A few weeks ago we had a major crash that was caused by a bad install. I wiped the machine and reinstalled the OS (Windows Server 2003). At first everything appeared to be fine.
We are using:
2 x 4 core 2.33 GHz Xeon E5345
Intel s5000XVN motherboard
ATI Radeon x300 Video
The machine is used primarily as a workstation for research data extraction and analysis using SQL Server 2005.
The problem is a query would run for close to 10-minutes and the system would hang. There would be a complete freeze-up of the system. A NMI was not thrown - no errors were thrown. I believe this pointed to hardware.

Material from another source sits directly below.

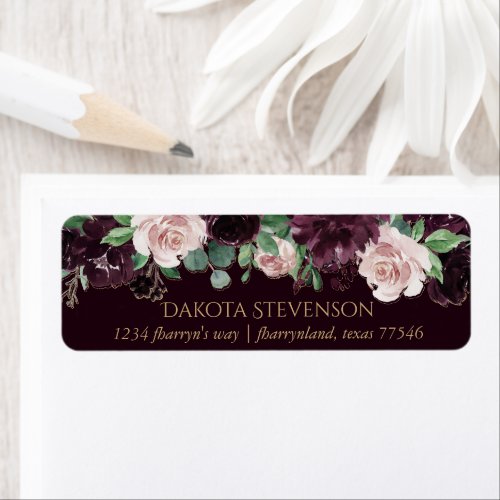 Moody Passion  Dramatic Purple Wine Rose Address Label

I first flashed the BIOS and updated the firmware. I then tested the RAM using Memtest86+ -- and the RAM tested out fine. I swapped video cards and seemed to fix the problem as I was now not having any freezes during the running of queries.
Yesterday the system started hanging again, so I started checking the OS. The event log had some errors with regards to WMIxWDM. I checked a number of forums which recommended flashing the BIOS, and checking for driver conflicts. I proceeded to remove any unneeded drivers that may cause conflict and updated all the drivers I could. My errors in the Event Log disappeared; however, my system hanging has not, and now it hangs at the 20-minute mark.

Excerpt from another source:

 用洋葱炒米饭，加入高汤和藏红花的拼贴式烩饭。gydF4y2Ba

So I am essentially at a loss. The RAM tested out, so I cannot see it being that. The power supply has not given me any indication that it is failing - no odors and all voltages look good (HWiNFO32). The temperature of each of the cores is stable between 36C - 46C (98.6F to 114.8F). The RAM I think is a bit hot - 93.5C to 108.5C (200.3F to 227.3F). The main board is around 40C (100F). Other than that - the Hard Drives are running on a hardware SAS raid and seem to have no issues.
Any ideas would be of great help. I am running out of things to try - other than telling the bosses they need a new machine.